Mark Tapscott
DCExaminer
March 19, 2009

Thousands of Americans in dozens of cities large and small, coast to coast have assembled recently to protest President Barack Obama’s economic stimulus spending, proposed budget deficits and tax hikes on small business and other entrepreneurs.

But odds are that the vast majority of people who depend solely on the mainstream media’s print and broadcast giants for their news know little or nothing about the protests.

Why? Because the MSMers regularly miss significant political news when it is happening right in front of them, thanks to the ideological blinders that make so many otherwise intelligent people in those newsrooms think the only real news happens in Washington or New York. (And occasionally in Boston or Los Angeles).

By contrast, folks who depend on bloggers like Glenn Reynolds of Instapundit.com for their news have known about the Tea Party Protests since day one. They’ve seen lots of photographs and video of the rallies and they’ve even read lots of commentaries from multiple perspectives about the events, who is participating in them, why they are spreading and what ought to be the goals of what appears to be a budding political movement.

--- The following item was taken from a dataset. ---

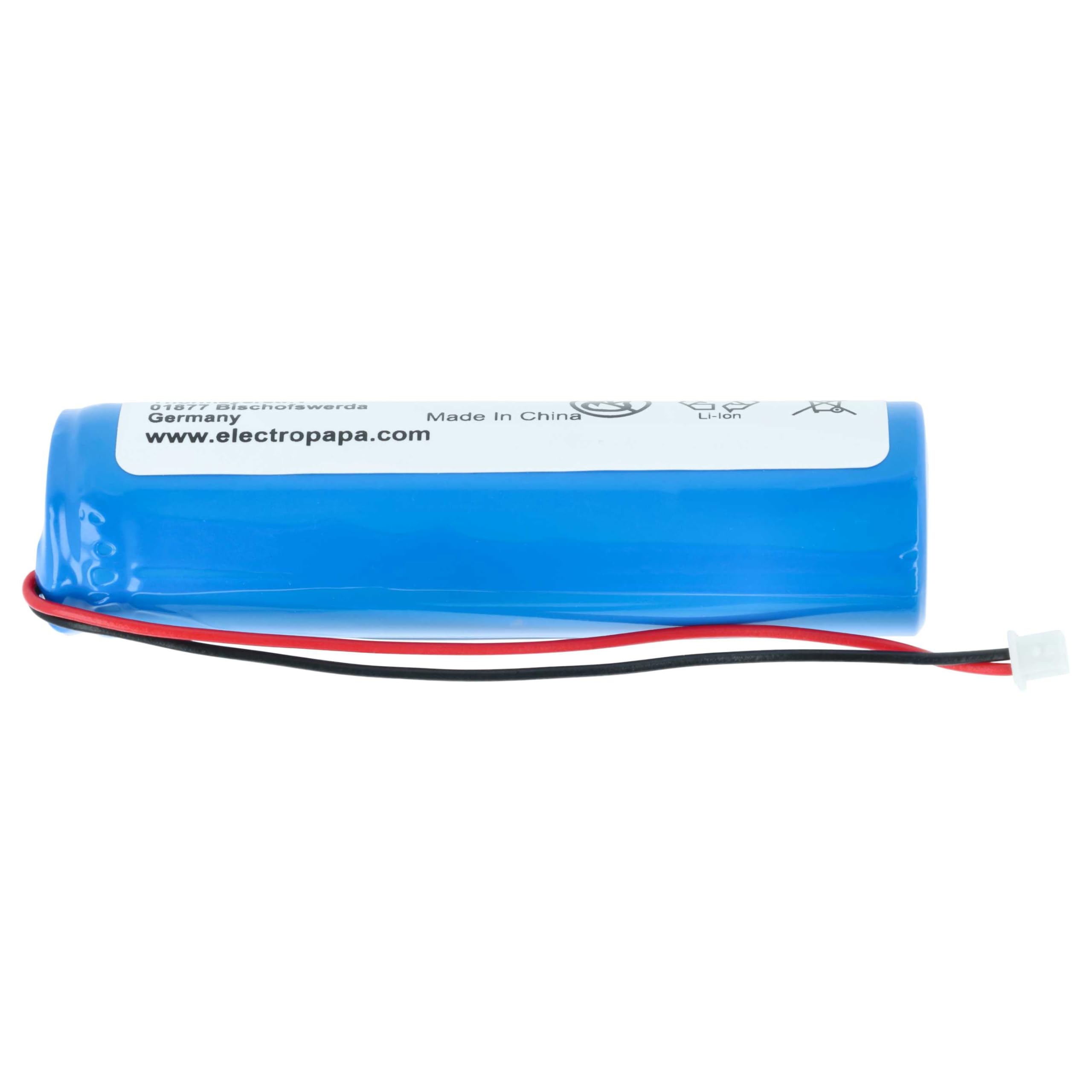 vhbw Akumulator kompatybilny z DJI Phantom 3 Standard Remote Controller dron Controller (3400 mAh, 3,7 V, litowo-jonowy)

Here’s a partial list from Instapundit of the cities that have seen Tea Party Protests rallies: Cincinnati, Nebraska, Tampa, Lexington, Ridgefield, Conn., Raleigh, Orlando, D.C., Staten Island, Pasadena, Boston, Rochester, N.Y., Jacksonville, Minnesota, Cleveland, Columbus, Mo., Little Rock, Ark., Philadelphia, Kansas City, Harrisburg, Green Bay, Salt Lake City, Fullertown, Lafayette, Boise, Monterey, Maui, Yonkers, Utah, Tucson, Phoenix, Hoboken and Chicago.

Do a search on Instapundit for “Tea Party Protests” and the result includes 24 discrete links, mostly to bloggers reporting on the events they attended. And last time I checked YouTube to see how many times the video of CNBC’s Rick Santelli doing his Tea Party rant last month that is incorrectly credited with sparking the movement, the total was just this side of a million.

[efoods]Is it really such a big deal that The Washington Post, The New York Times, The Los Angeles Times, CBS, NBC and ABC are blowing it big-time by not covering the Tea Party Protest movement?

Well, consider that there are at last count at least 150 more such protests presently scheduled, according to WorldNetDaily.com, with many of those set to happen on April 15. Odds are, too, that there are many more such protests that WND missed. Such is the nature of suddenly developing movements.

This movement coincides with Obama’s pulling the curtain back on his main proposals and his coming back to earth in the approval ratings, so anyone who cares about current events and the likely course of things in coming days probably ought to know about the Tea Party Protests.

I offer one further observation here about the Tea Party Protests. Their size and rapid spread across the country are a measure of the intense convictions behind them. Most important, though, is that they are fruit of the digital age, with email, Twitter, cell phones and social networking sites on the Internet enabling their dramatic appearance.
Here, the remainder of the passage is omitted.